Leveraging Machine Learning with Forta to Improve Web3 Security
Machine learning (ML) can bring tremendous value to the security of Web3. The Forta Network stands at the forefront of supporting the data science community to innovate, research, and protect web3. With ML, Forta can detect attacks more accurately while delivering more relevant and actionable alerts. In this article, you’ll learn how ML represents an essential cornerstone to improve threat detection. This is an introduction intended for a broader audience that is new to Forta, security monitoring, and ML-based solutions.
What problem is Forta trying to solve?
Large exploits are rampant in the Web3 ecosystem. In April 2022, five major exploits alone resulted in a cumulative total of $200M+ in funds stolen. Security audits and bug bounty programs are important starting points for protocol security measures, but they are not enough to stop hacks and exploits (e.g. the Qubit Finance Hack or Fortress Protocol Hack). Once a smart contract is deployed, there are often many complicated interactions with other contracts and protocols that make it difficult to anticipate all edge cases and potential attack vectors.
How Forta can help
Forta is a real-time detection network that helps the Web3 world prevent hacks and exploits.

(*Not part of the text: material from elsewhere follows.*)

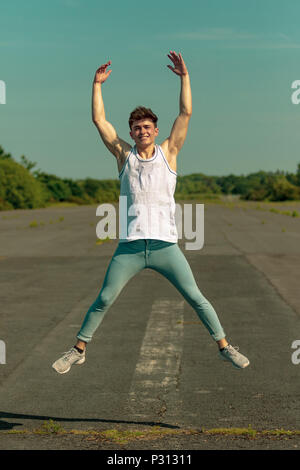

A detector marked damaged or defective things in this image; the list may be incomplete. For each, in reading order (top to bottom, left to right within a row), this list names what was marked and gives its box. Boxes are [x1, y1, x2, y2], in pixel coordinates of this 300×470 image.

A community of developers and researchers can create detection bots to monitor blockchains for suspicious transactions where anyone can then be alerted by subscribing to the bots on the Forta App. There are currently over 600 detection bots monitoring a wide array of threats such as re-entrancy attacks and Tornado Cash-funded transactions. These bots can send timely and relevant security alerts that can be used to neutralize threats and prevent loss of funds. Recently, Forta’s detection bots produced alerts that could have helped prevent or mitigate a number of major exploits.
Why is ML important?
In order to surface suspicious activities more effectively, Forta’s detection bots need to separate attacks from benign events. While this is possible with simple heuristics in certain cases, ML can utilize a broader set of signals and data than a human ever could. This allows ML to generalize better by uncovering unseen attacks and emitting alerts with high precision (i.e. low number of benign events resulting in alerts). In Web3, it is important for the most critical and relevant alerts to be delivered quickly for review and timely resolution.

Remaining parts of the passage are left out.